For large datasets (say, 100,000 queries), one can also send multiple batches of requests, then iterate over the results as they are ready. Note that the order in which the results are returned is not guaranteed to be the same as the order of the queries, therefore you should make sure the queries have a `query_name` attribute that will be used to identify the results.

```python
from ginkgo_ai_client import MeanEmbeddingQuery
queries = MeanEmbeddingQuery.iter_from_fasta("sequences.fasta", model=model)
for batch_results in client.send_requests_by_batches(queries, batch_size=1000):
for result in batch_results:
print(result.query_name, result.embedding)
```

Changing the `model` parameter to `esm2-650M` or `esm2-3b` in this example will perform
masked inference with the ESM2 model.

**Example : embedding computation with Ginkgo's 3'UTR language model**

```python
from ginkgo_ai_client import GinkgoAIClient, MeanEmbeddingQuery

client = GinkgoAIClient()
model = "ginkgo-maskedlm-3utr-v1"

# SINGLE QUERY

query = MeanEmbeddingQuery(sequence="ATTGCG", model=model)
prediction = client.send_request(query)
# prediction.embedding == [1.05, -2.34, ...]

# BATCH QUERY

sequences = ["ATTGCG", "CAATGC", "GCGCACATGT"]
queries = [MeanEmbeddingQuery(sequence=seq, model=model) for seq in sequences]
predictions = client.send_batch_request(queries)
# predictions[0].embedding == [1.05, -2.34, ...]
```

## Available models

See the [example folder](examples/) and [reference docs](https://ginkgobioworks.github.io/ginkgo-ai-client/) for more details on usage and parameters.

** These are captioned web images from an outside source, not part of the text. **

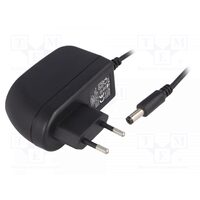 Alimentator pulsatoriu 15V dc 1.6A 5.5X2.1mm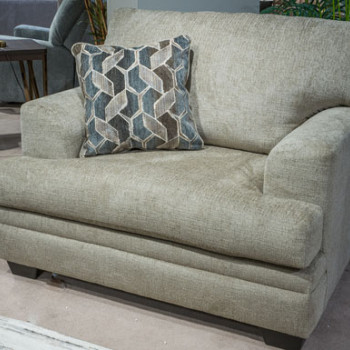 5950423 Stonemeade Oversized Chair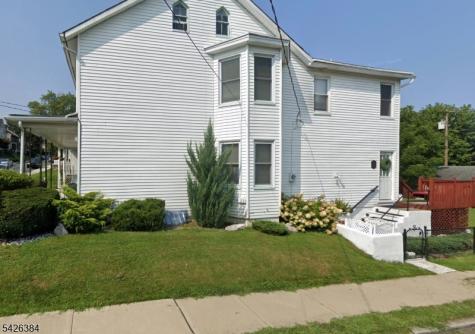 105 Bullman Street Phillipsburg NJ 08865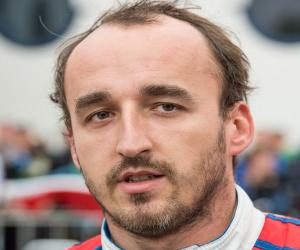 Robert Kubica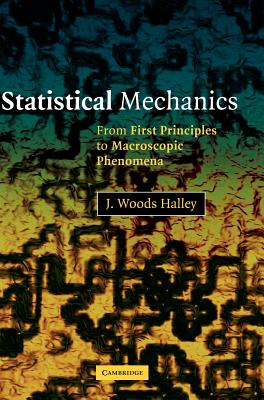 Statistical Mechanics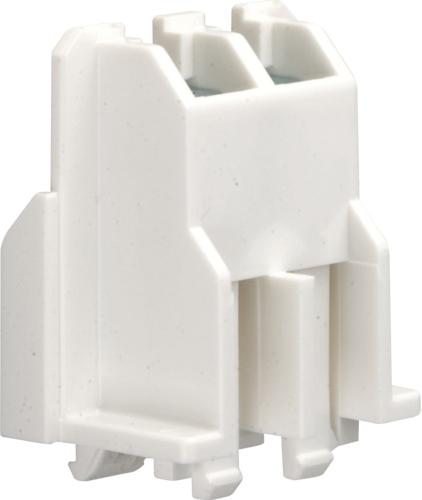 Produktbild Hager UT90J - Metall - WEEE - 42 mm - 28 mm - 52 mm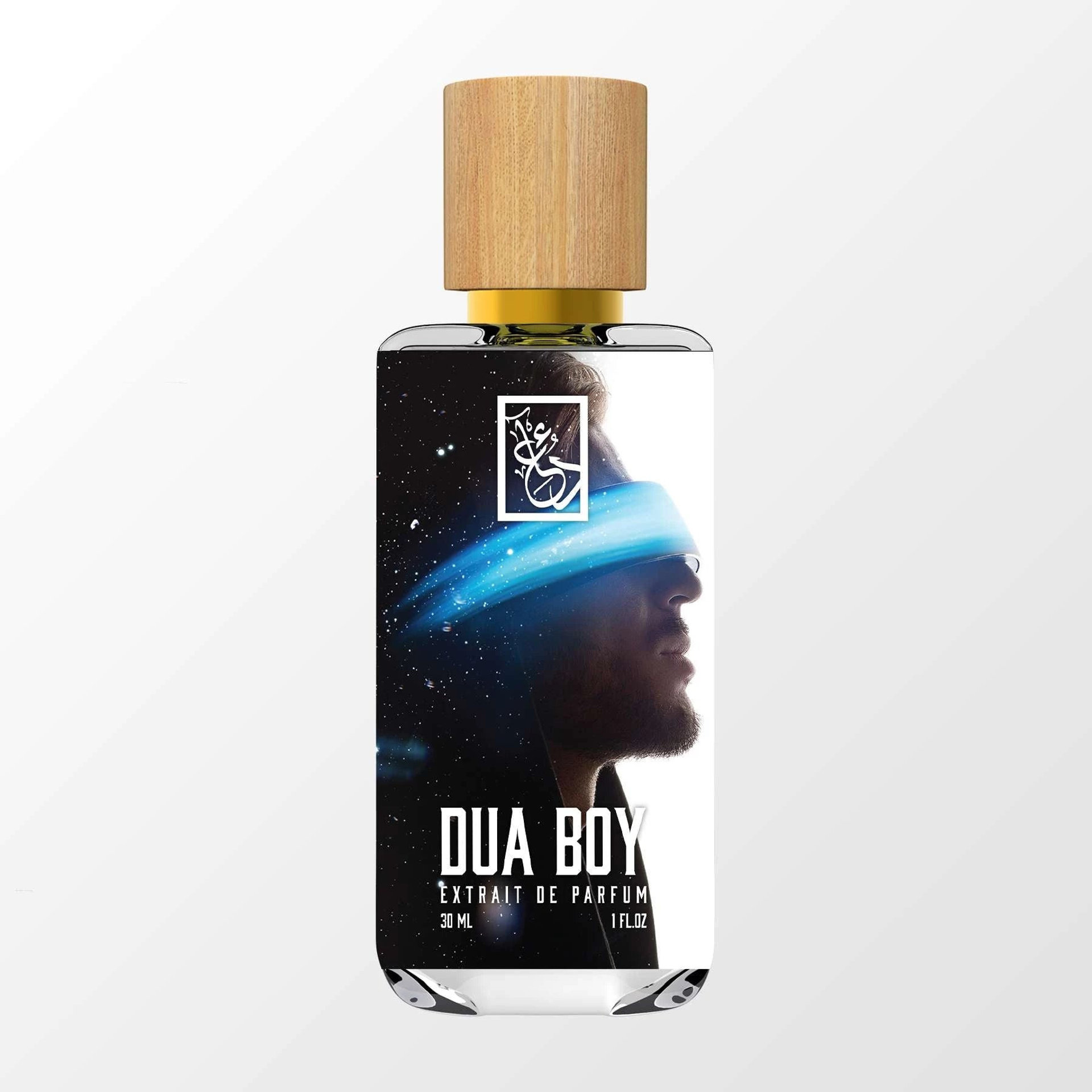 Picture of Dua Boy fragrance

| Model | Description | Reference | Supported queries | Versions |
| ----------- | -------------------------------------- | -------------------------------------------------------------------------------------------- | --------------------------------- | -------- |
| ESM2 | Large Protein language model from Meta | [Github](https://github.com/facebookresearch/esm?tab=readme-ov-file#esmfold) | Embeddings, masked inference | 3B, 650M |
| AA0 | Ginkgo's protein language model | [Announcement](https://www.ginkgobioworks.com/2024/09/17/aa-0-protein-llm-technical-review/) | Embeddings, masked inference | 650M |
| 3UTR | Ginkgo's 3'UTR language model | [Preprint](https://www.biorxiv.org/content/10.1101/2024.10.07.616676v1) | Embeddings, masked inference | v1 |
| Promoter-0 | Ginkgo's promoter activity model | Coming soon | Promoter activity accross tissues | v1 |
| Boltz | Protein structure prediction model | [Github](https://github.com/jwohlwend/boltz) | Protein structure prediction | v1 |
| ABdiffusion | Antibody diffusion model | Coming soon | Unmasking | v1 |
| LCDNA | Long-context DNA diffusion model | Coming soon | Unmasking | v1 |

## License

This project is licensed under the MIT License. See the `LICENSE` file for details.

## Releases

To release a new version to PyPI:

- Make sure the changelog is up to date and the top section reads `Unreleased`.
- Increment the version with the `bumpversion` workflow in Actions - it will update the version everywhere in the repo and create a tag.
- If all looks good, create a release for the tag, it will automatically publish to PyPI.